WHAT TO WORK ON:
Provide a verbatim copy of all the records below, leaving the images out.

──────────

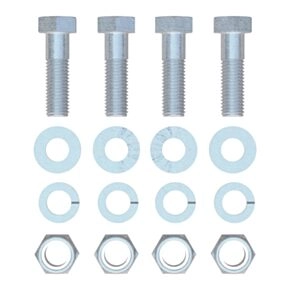 CURT Replacement R-Series 5th Wheel Roller Head Mounting Hardware #19218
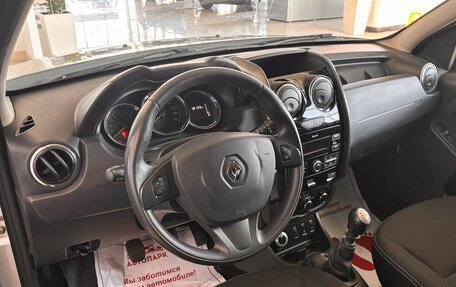 Renault Duster I рестайлинг, 2018 год, 1 549 000 рублей, 9 фотография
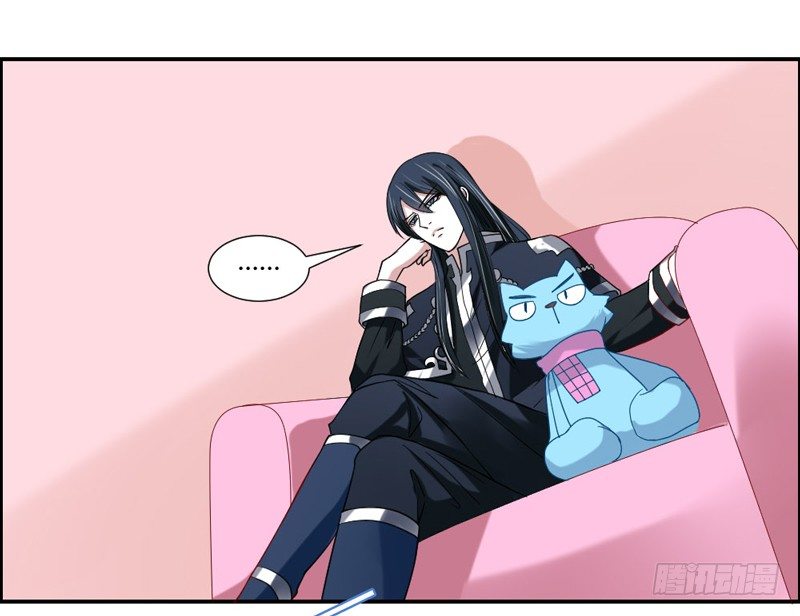 摸头杀！你家情敌好难缠！-第38话
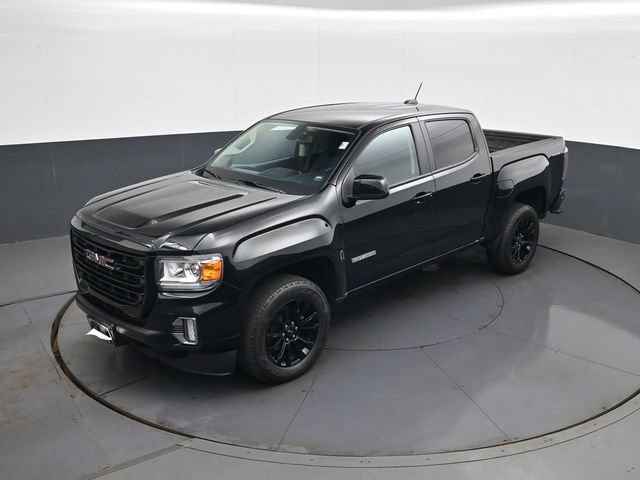 Certified 2022 GMC Canyon Elevation AWD/4WD image 13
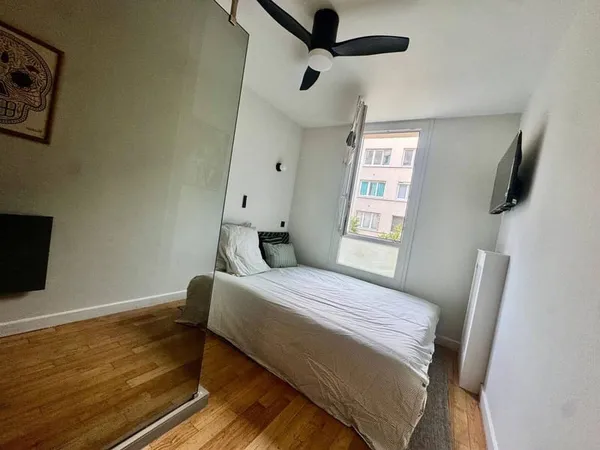 Appartement 1 pièce 12 m²
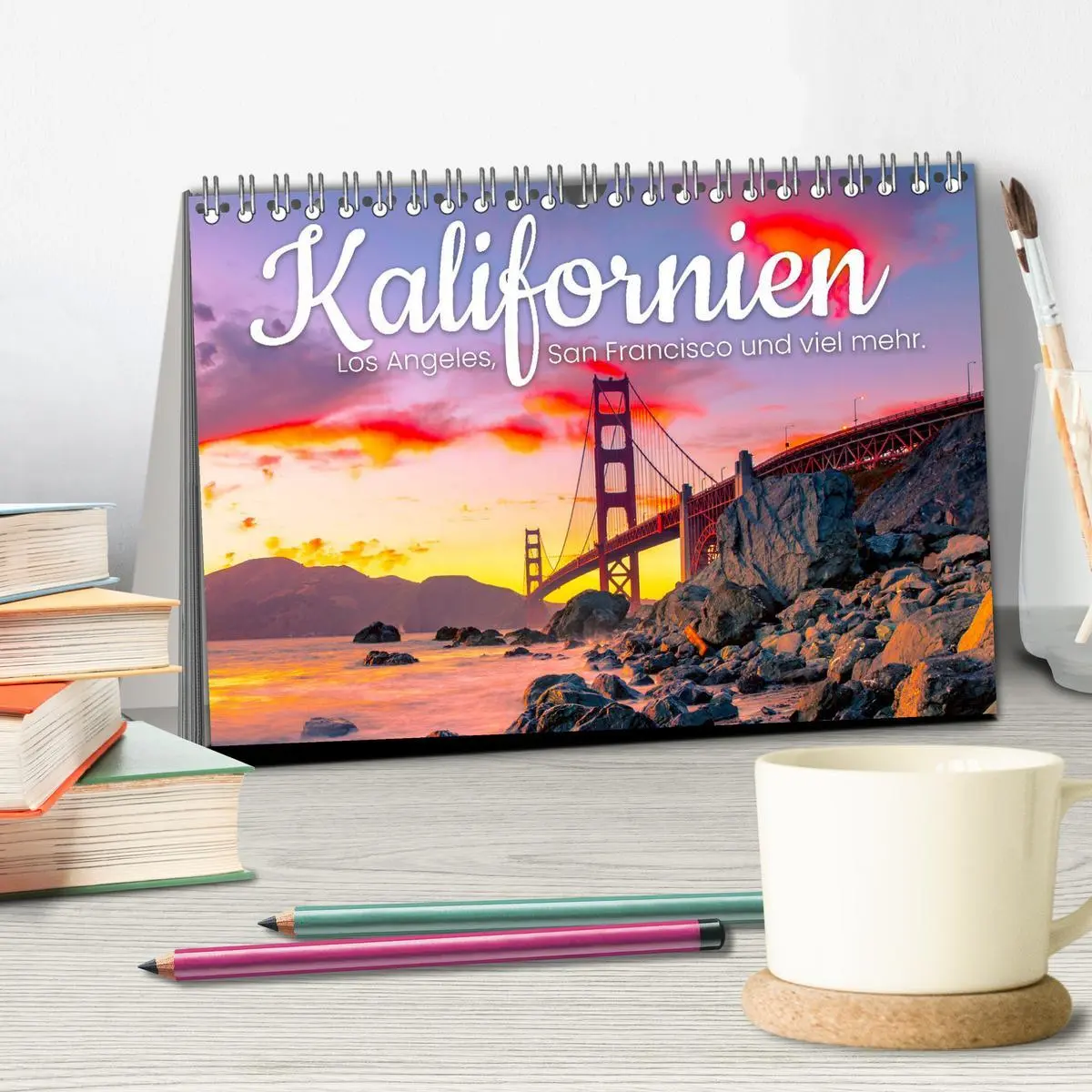Bild: 9783457613450 | Kalifornien - Los Angeles, San Francisco und viel mehr....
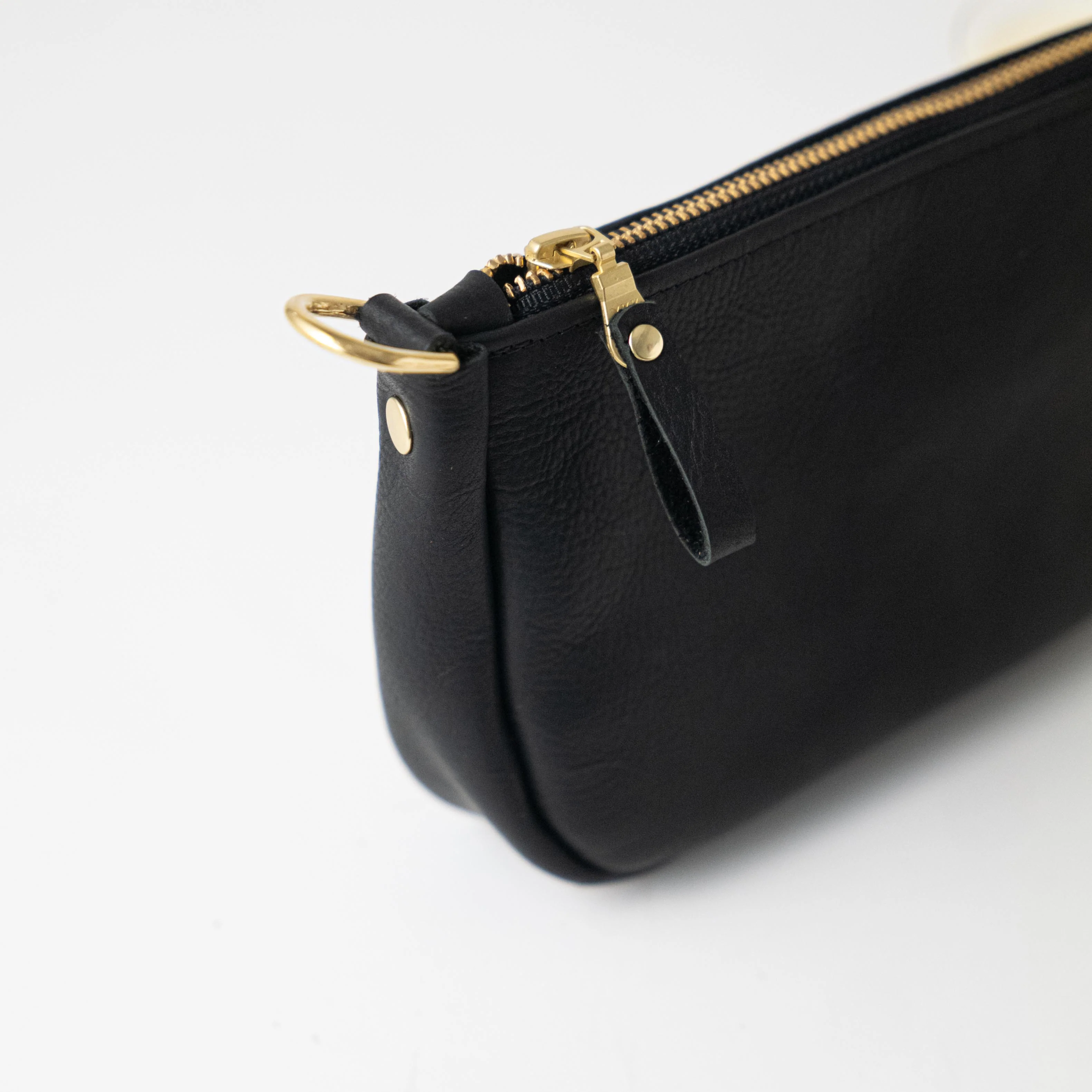 Black Kodiak Mini Crossbody Bag - Image 4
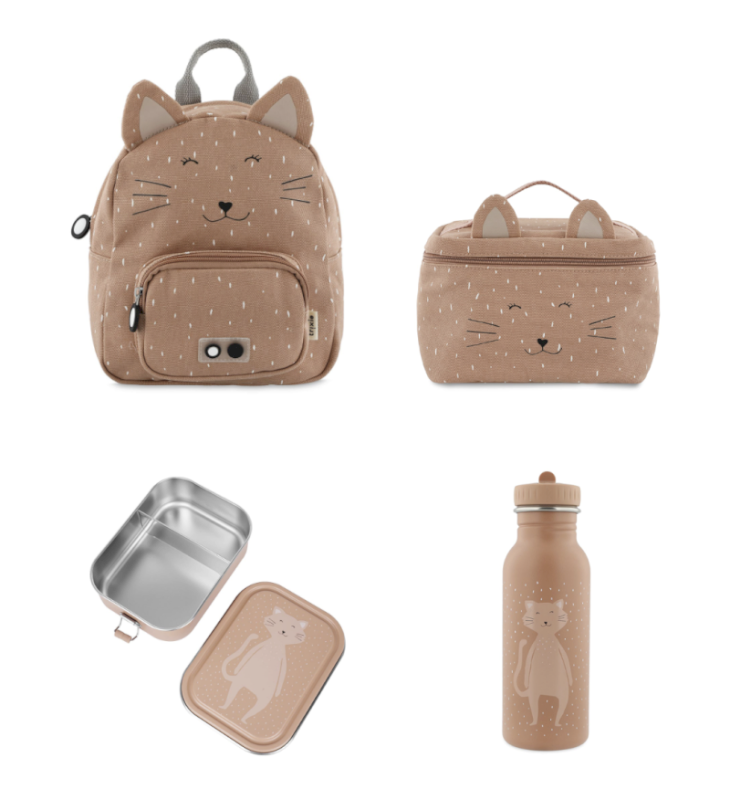 Mrs. Cat Set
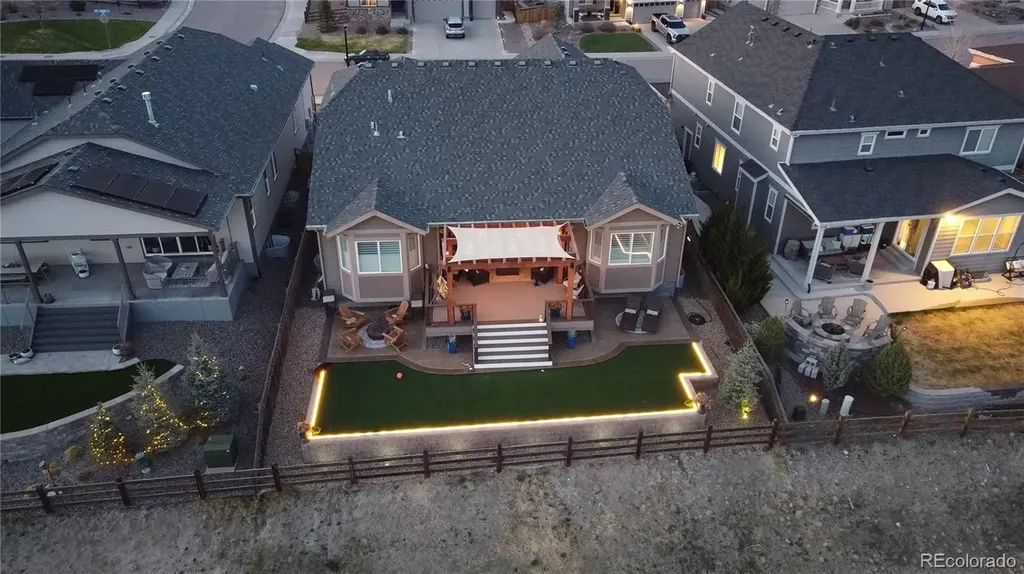 6568 Leilani Lane Castle Rock CO 80108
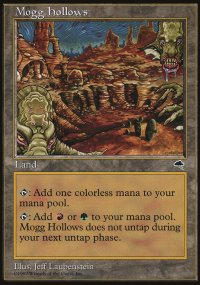 Mogg Hollows - 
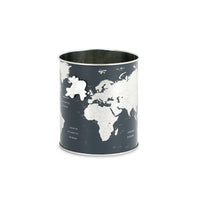 balvi-desk-globe-pot-crayons-globe-terrestre image 4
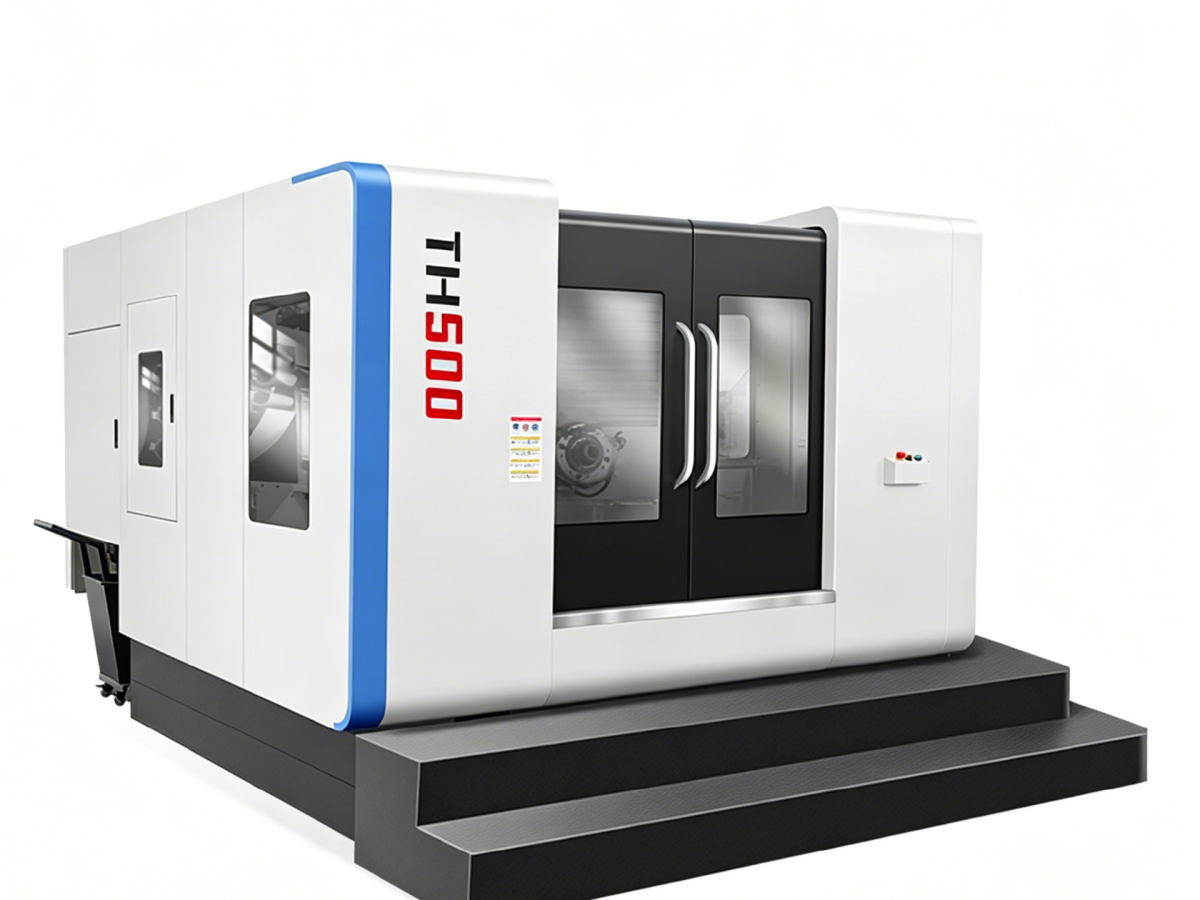TH1000 Horizontal Machining Centers view 3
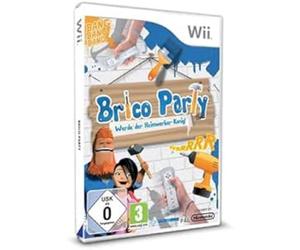 Brico Party - Werde Heimwerker-König [Importación alemana]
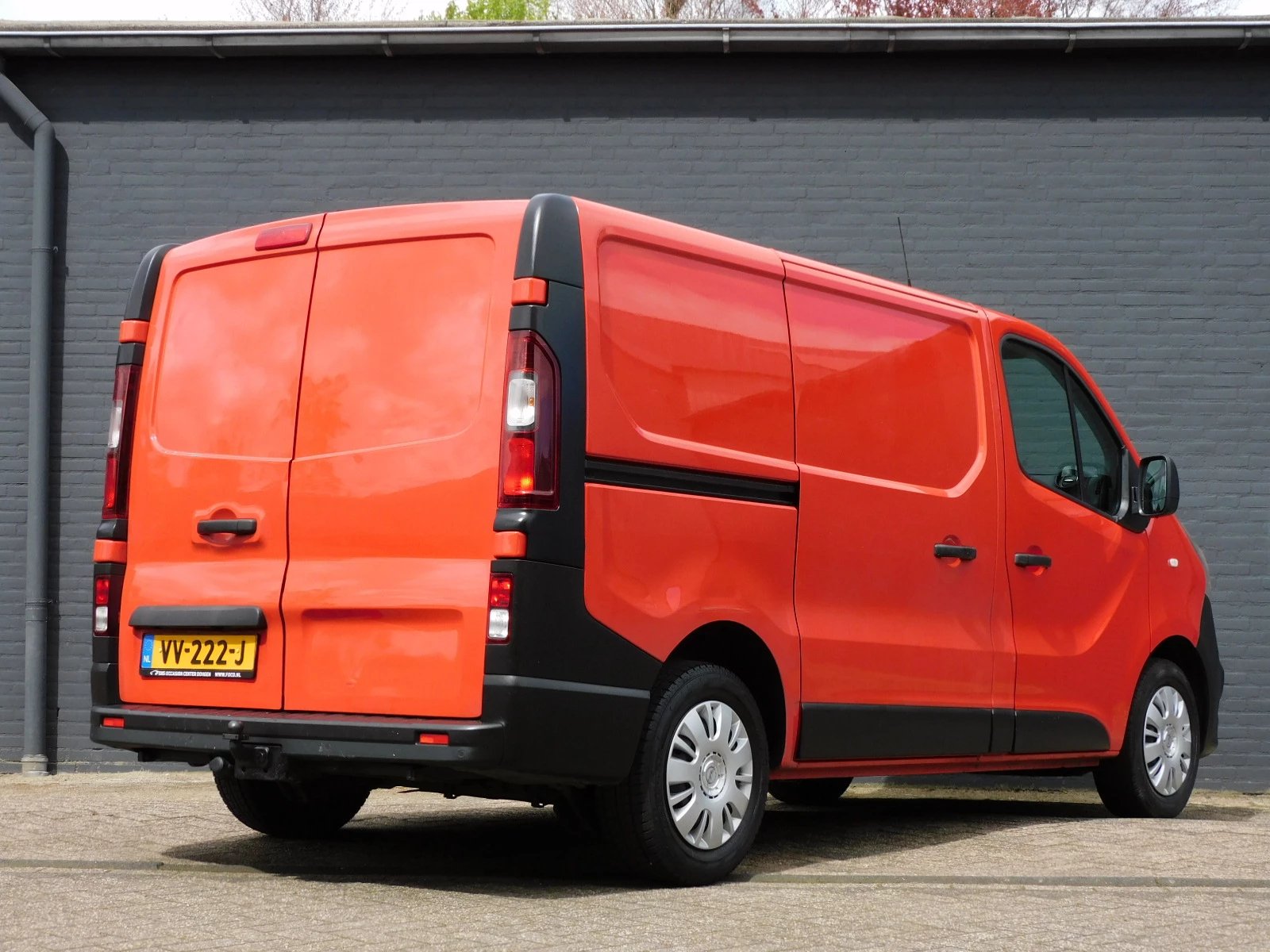 Hoofdafbeelding Opel Vivaro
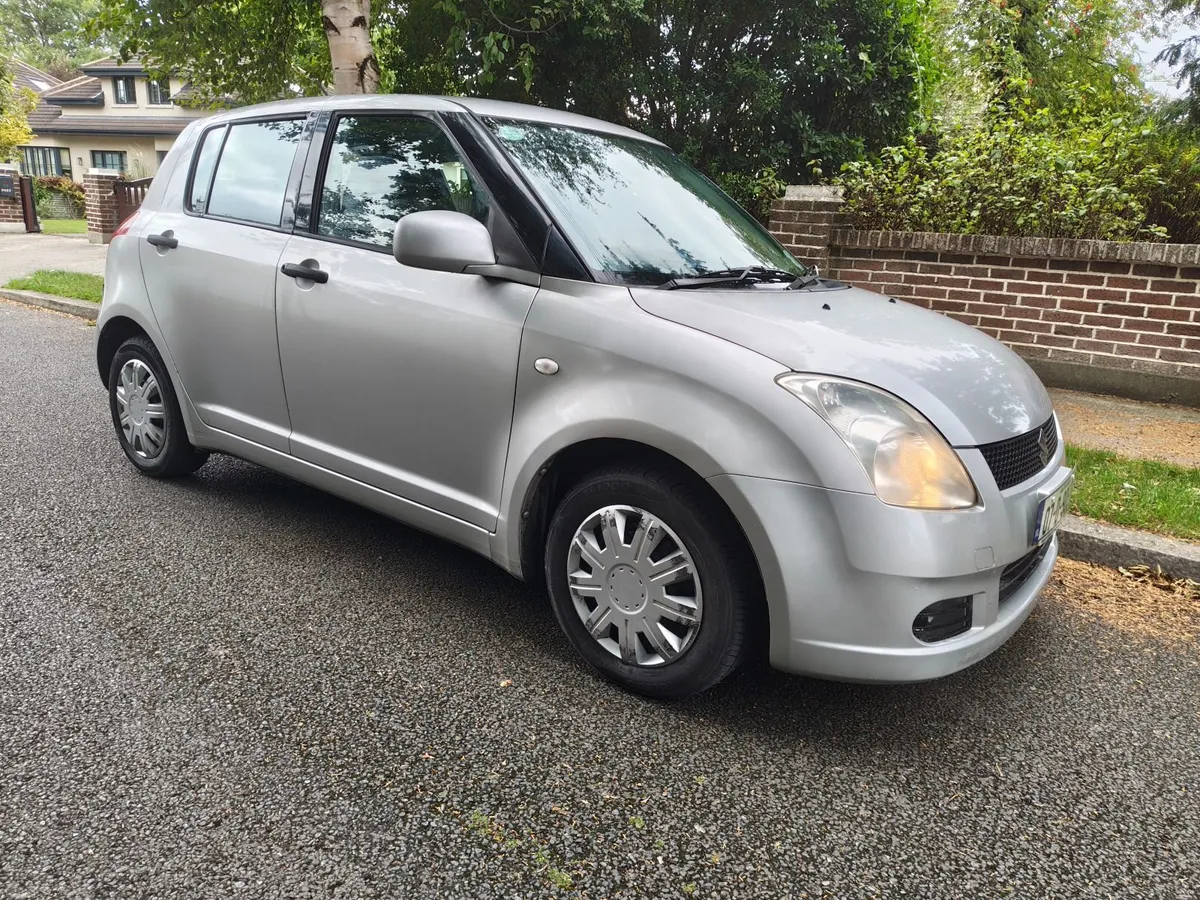 Suzuki Swift 2007 Automatic - €2,950 - Image 4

──────────

RESULT FOR THIS TASK:
 CURT Replacement R-Series 5th Wheel Roller Head Mounting Hardware #19218
 Renault Duster I рестайлинг, 2018 год, 1 549 000 рублей, 9 фотография
 摸头杀！你家情敌好难缠！-第38话
 Certified 2022 GMC Canyon Elevation AWD/4WD image 13
 Appartement 1 pièce 12 m²
Bild: 9783457613450 | Kalifornien - Los Angeles, San Francisco und viel mehr....
 Black Kodiak Mini Crossbody Bag - Image 4
 Mrs. Cat Set
 6568 Leilani Lane Castle Rock CO 80108
 Mogg Hollows - 
 balvi-desk-globe-pot-crayons-globe-terrestre image 4
TH1000 Horizontal Machining Centers view 3
 Brico Party - Werde Heimwerker-König [Importación alemana]
 Hoofdafbeelding Opel Vivaro
 Suzuki Swift 2007 Automatic - €2,950 - Image 4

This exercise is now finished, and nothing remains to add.